Cette levée de boucliers d’une partie de la communauté a suscité l’émoi et l’inquiétude des parents d’ayants droit. « Je peux comprendre qu’il y ait des hésitations pour avoir des enfants ici », conçoit Mme Gilbert. « Nous, parents, nous avons posé des questions au conseil scolaire et nous avons eu des réponses correctes concernant les salles de bains et les aires de jeu. C’est une location temporaire. Pour commencer, c’est d’accord », acquiesce-t-elle.
La directrice confiante
Juste avant que les autobus n’arrivent, la directrice glisse les étiquettes portant le prénom des élèves sur les casiers dans le couloir.
« J’ai toujours été confiante », indique Joanne Héroux Farrow. « J’ai connu quelque chose de semblable en 2008 dans la région d’Orangeville avec le conseil scolaire Viamonde. J’ai créé une école dans une ville avec très peu de francophones. On a bâti depuis une communauté incroyable dans cette région et la même chose va se produire ici a Parry Sound », s’enthousiasme-t-elle.
Son équipe – composée de quatre enseignants, d’une intervenante en adaptation, d’une secrétaire et d’une personne à la direction – déballe les jouets dans la cour de récréation provisoire, à l’arrière du bâtiment. Les premiers élèves s’en emparent, jouent et font connaissance, sous l’œil attentif de leurs parents.
Nathalie Davis est à la fois enseignante et mère de trois enfants. Lorsqu’elle a déménagé de North Bay pour venir à Parry Sound, il n’y avait pas d’école. « Nous avons fait la demande, car je voulais que mes enfants continuent leur éducation en français. Et nous voici trois ans plus tard. »
Le directeur de l’éducation et le CSPNE confirme chercher un autre endroit à Parry Sound plus pérenne. La location au collège est d’une durée d’un an. « On est ici jusqu’à ce qu’on trouve quelque chose d’autre. Pour l’instant, on a un bon endroit où donner l’école. C’était le plus important. On est en train de regarder d’autres possibilités. »
Demande d’immobilisation prioritaire auprès du ministère
Difficile pour l’heure de dire où l’école trouvera l’endroit idéal. Les pistes étudiées se heurtent, comme au Collège Canadore, à des zonages inadaptés pour l’implantation d’une école.

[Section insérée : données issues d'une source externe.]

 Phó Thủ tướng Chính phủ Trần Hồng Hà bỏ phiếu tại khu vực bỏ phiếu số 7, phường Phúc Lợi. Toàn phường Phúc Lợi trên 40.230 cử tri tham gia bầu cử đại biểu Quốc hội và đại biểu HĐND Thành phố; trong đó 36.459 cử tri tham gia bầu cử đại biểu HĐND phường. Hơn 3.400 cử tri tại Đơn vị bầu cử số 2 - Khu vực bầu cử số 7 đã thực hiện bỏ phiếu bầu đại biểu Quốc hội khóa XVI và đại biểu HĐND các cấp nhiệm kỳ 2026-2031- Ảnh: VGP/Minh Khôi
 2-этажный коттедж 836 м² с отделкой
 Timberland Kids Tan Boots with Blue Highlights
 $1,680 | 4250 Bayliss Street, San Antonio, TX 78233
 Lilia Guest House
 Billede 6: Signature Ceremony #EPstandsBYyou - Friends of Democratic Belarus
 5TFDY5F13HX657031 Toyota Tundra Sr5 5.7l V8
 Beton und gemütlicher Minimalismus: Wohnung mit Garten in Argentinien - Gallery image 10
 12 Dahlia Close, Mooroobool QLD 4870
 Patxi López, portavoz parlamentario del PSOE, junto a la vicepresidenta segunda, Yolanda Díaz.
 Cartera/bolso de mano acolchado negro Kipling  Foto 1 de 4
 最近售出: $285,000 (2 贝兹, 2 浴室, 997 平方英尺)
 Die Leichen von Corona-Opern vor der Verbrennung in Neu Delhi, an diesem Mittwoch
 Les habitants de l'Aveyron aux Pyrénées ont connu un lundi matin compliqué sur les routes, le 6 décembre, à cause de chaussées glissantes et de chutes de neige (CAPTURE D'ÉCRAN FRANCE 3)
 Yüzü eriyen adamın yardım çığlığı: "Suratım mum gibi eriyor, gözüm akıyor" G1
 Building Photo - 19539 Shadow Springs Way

L’action en justice semble avoir refroidi les relations entre le conseil municipal et le conseil scolaire qui reste néanmoins en contact avec les fonctionnaires de la ville.
« C’est certain qu’à plus long terme, on va vouloir un endroit qui nous appartient », confie M. Fecteau. « Il y a une ronde de financement en ce moment du ministère de l’Éducation pour une immobilisation prioritaire. On va faire cette demande et remettre nos documents avant le 30 septembre pour avoir quelque chose de plus durable », escompte-t-il, précisant par ailleurs être en discussion avec d’autres conseils scolaires.
« On n’est pas certain où ça va finir mais on est heureux d’être ici, c’est une grosse étape de faite. »
Les yeux se tournent vers la ville. Au printemps dernier, le maire Jamie McGarvey s’était déclaré heureux d’accueillir l’école, avant que, dans le courant du mois d’août, le projet ne vire au cauchemar. Le conseil municipal avait rejeté le changement de zonage du collège, alors même que les fonctionnaires de la ville avaient émis un avis contraire.